## What is expected
From the line with "Prada Beige Blue" to the line with "Глори сосна розетка открытая 2-мест IP20", output every line below exactly, both ends included. Skip the pictures.
═══
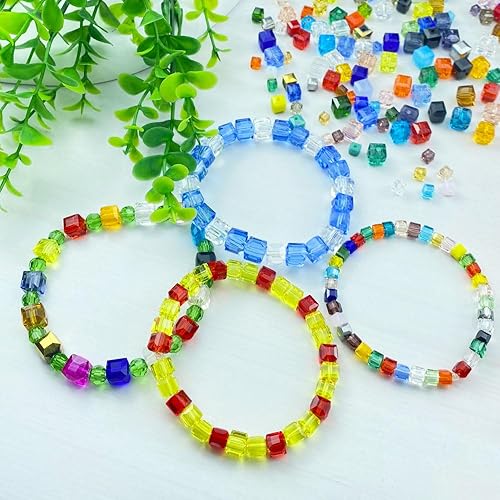Miniatura 5 de Jmassyang 100 cuentas de cristal en forma de cubo de 0.236 pulgadas (0.236 in), cuentas espaciadoras cuadradas con agujero para manualidades,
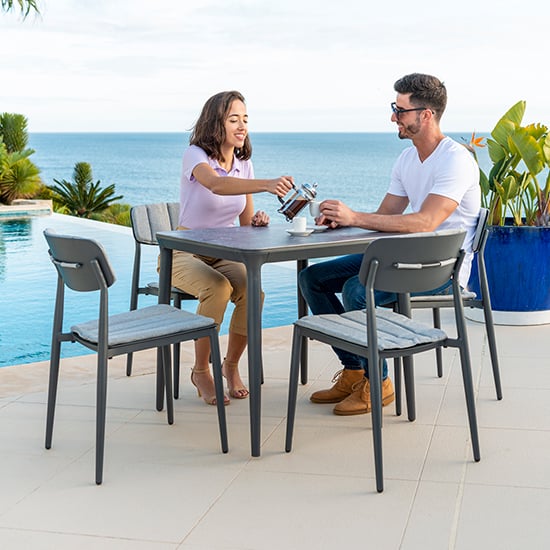 Rykon Outdoor 750mm Glass Dining Table In Grey Ceramic Effect_4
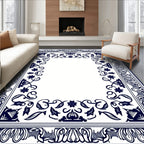 Intricate Indigo Floral Border Design Rug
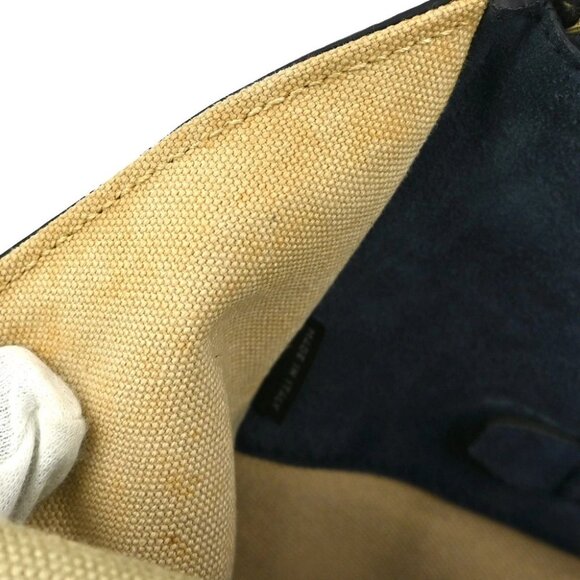 Prada Beige Blue Canvas 2way Handbag YQ04274 BN04 - Picture 8 of 12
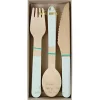 Meri Meri Wooden Cutlery Set, Toot Sweet - Mint - 24 Pieces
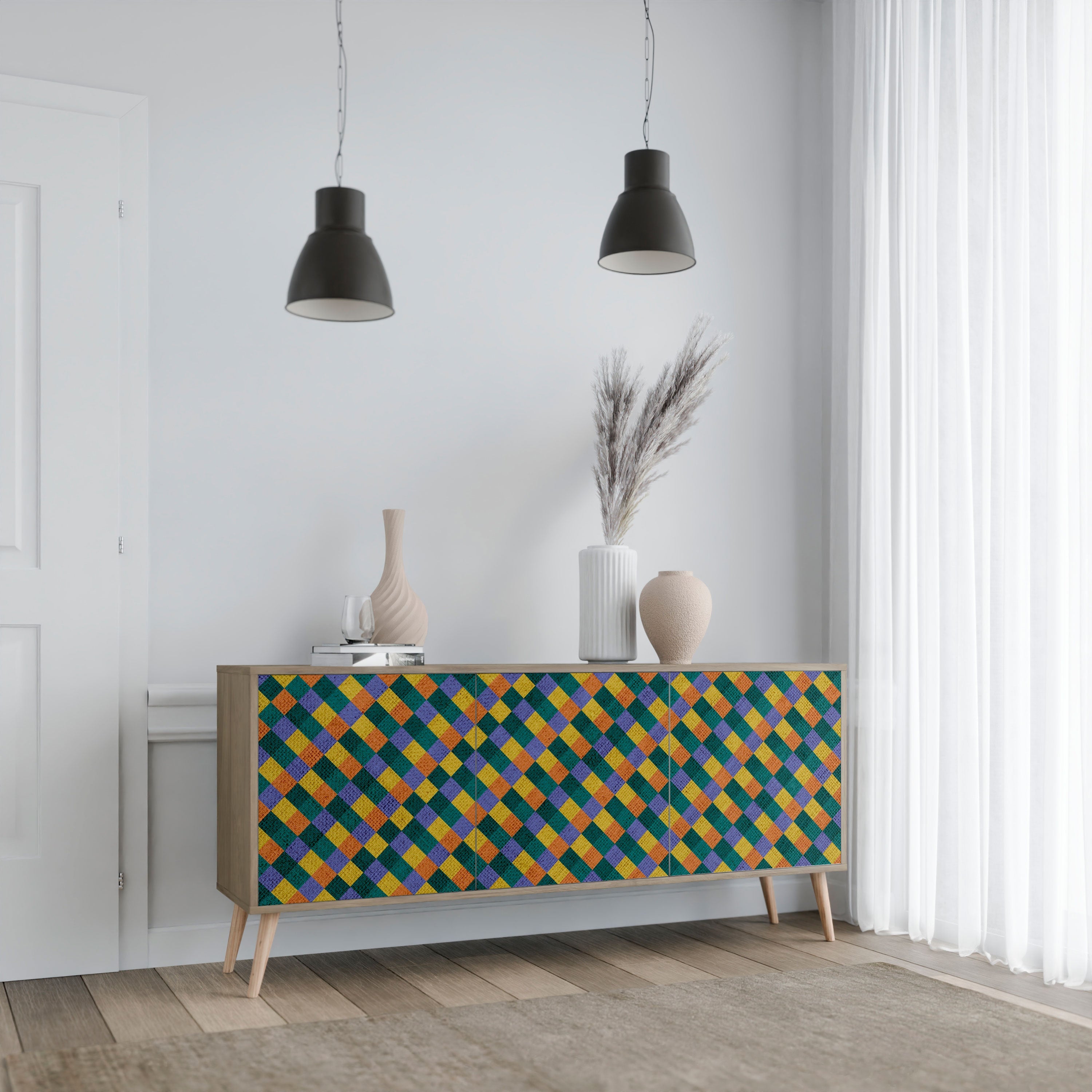 PAINTED SQUARES MIX 3-türiges Sideboard in Eichenoptik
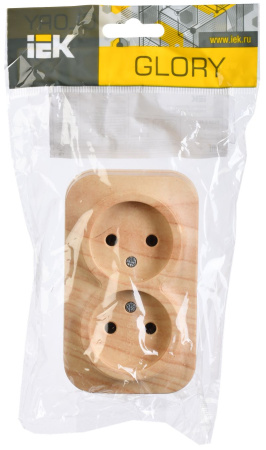 Глори сосна розетка открытая 2-мест IP20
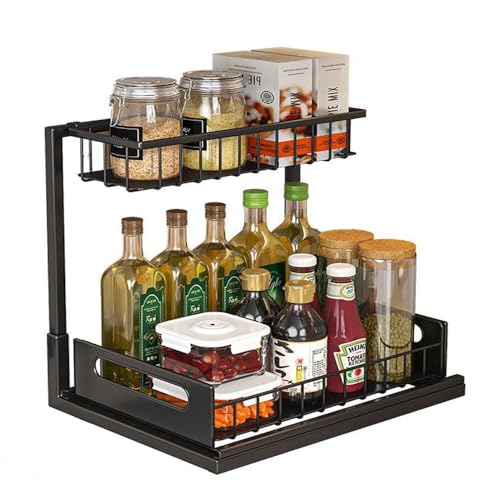 Catálogo de Almacenaje bajo fregadero los mejores 10. 47 Almacenaje de Cocina de Estante de 2 Niveles Deslizante L - Organizador y Almacenaje de Bajo El Fregadero, Resistente al Óxido, Organizador de Espacio para Armarios, Deslizante,...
═══
## Output of the task
 Prada Beige Blue Canvas 2way Handbag YQ04274 BN04 - Picture 8 of 12
 Meri Meri Wooden Cutlery Set, Toot Sweet - Mint - 24 Pieces
 PAINTED SQUARES MIX 3-türiges Sideboard in Eichenoptik
 Глори сосна розетка открытая 2-мест IP20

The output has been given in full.